RAL 150-4 vs Rosemary
Where RAL 150-4 belongs to RAL Effect's range, Rosemary is a Sherwin-Williams color. RAL 150-4 reads as beige, while Rosemary reads as green-grey — two distinct hue families, not close cousins. RAL 150-4 (LRV 81) reflects noticeably more light than Rosemary (LRV 14), a difference of 67 points that becomes especially apparent in rooms with limited natural light. With a ΔE of 49.4, the contrast is hard to miss. These aren't variations on a theme — they're two different answers to the same question. Below you'll find 6 real-room photo comparisons where both colors appear side by side, plus 5 simulated room previews.
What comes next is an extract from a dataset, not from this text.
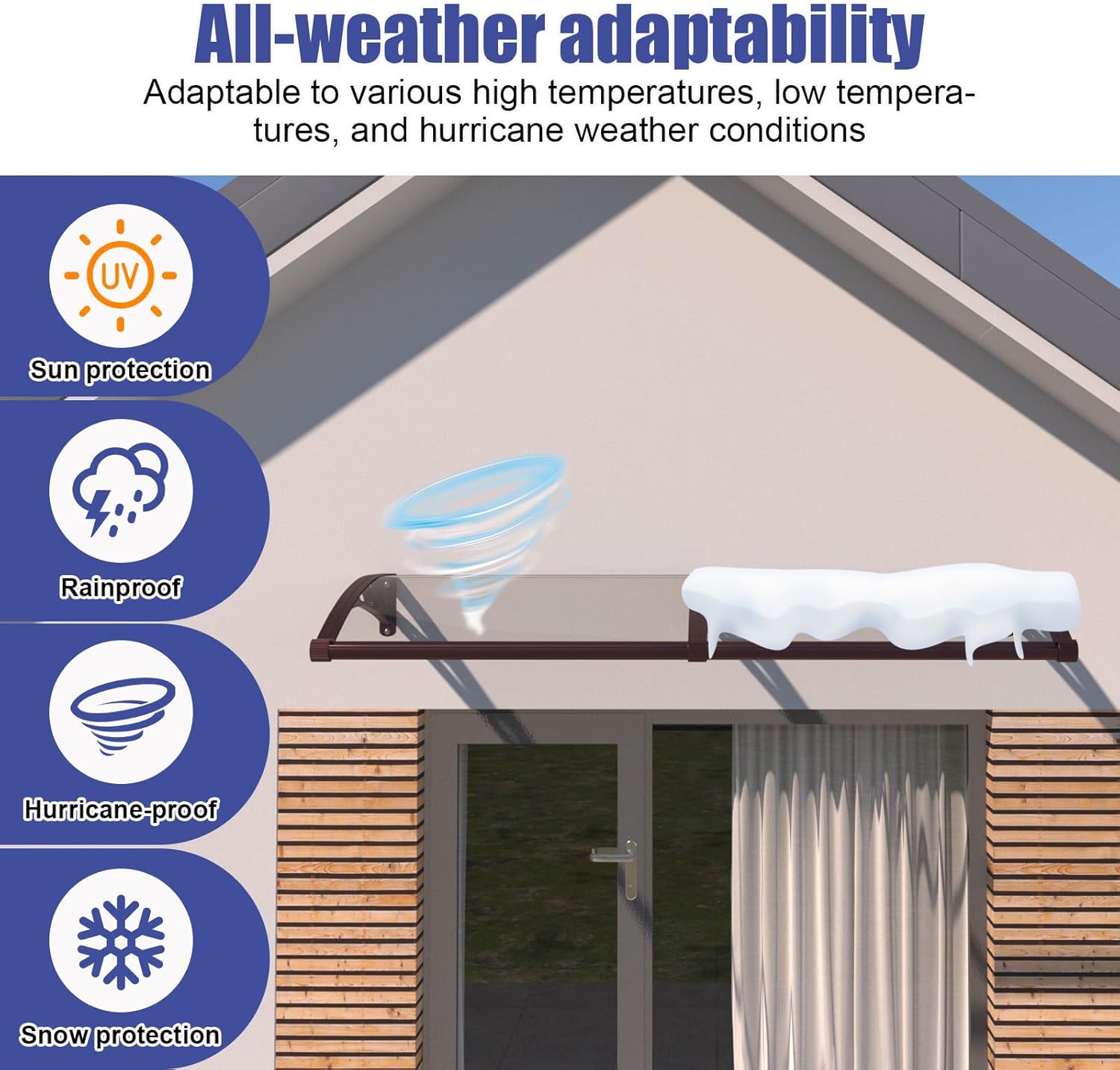 Awning for Door 40x48 Inch, Awnings for Doors with Separate Drainage, Polycarbonate UV Rain Snow Protection Window Awnings for Patio, Outdoor Canopy for Porch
RAL 150-4 vs Rosemary in Real Spaces
6 real rooms side by side. Seeing RAL 150-4 and Rosemary in actual rooms makes the difference concrete; browse the spaces below to get a feel for how each color lives on a wall.
Living Room
In a living room, color works across both daylight and evening light — the same wall can read very differently at noon and at 8pm. The LRV gap is large enough that RAL 150-4 will make the room feel meaningfully brighter than Rosemary would.
Bedroom
The context that matters most in a bedroom is how a color reads under a bedside lamp at night, not under noon daylight. RAL 150-4 reflects noticeably more light off the walls, making the space read more open than Rosemary.
Kitchen
In a kitchen, colors are seen under bright task lighting that amplifies undertones — what reads neutral elsewhere can show its hand here. RAL 150-4 reflects noticeably more light off the walls, making the space read more open than Rosemary.
Bathroom
Bathrooms are one of the few spaces where you're genuinely enclosed by the paint color, which makes the choice between these two more consequential. RAL 150-4 reflects noticeably more light off the walls, making the space read more open than Rosemary.
House
Seen across an entire facade, subtle tonal differences become pronounced. What reads as nearly the same on a chip often reads as clearly different at scale. RAL 150-4 reflects noticeably more light off the walls, making the space read more open than Rosemary.
Kitchen Cabinets
Kitchen cabinets are constantly compared against adjacent materials, which means subtle differences between these two become much more visible. RAL 150-4 reflects noticeably more light off the walls, making the space read more open than Rosemary.
Color Details
RAL 150-4 vs Rosemary Simulated Comparison
5 simulated room previews — drag the slider on each to see RAL 150-4 on one side and Rosemary on the other.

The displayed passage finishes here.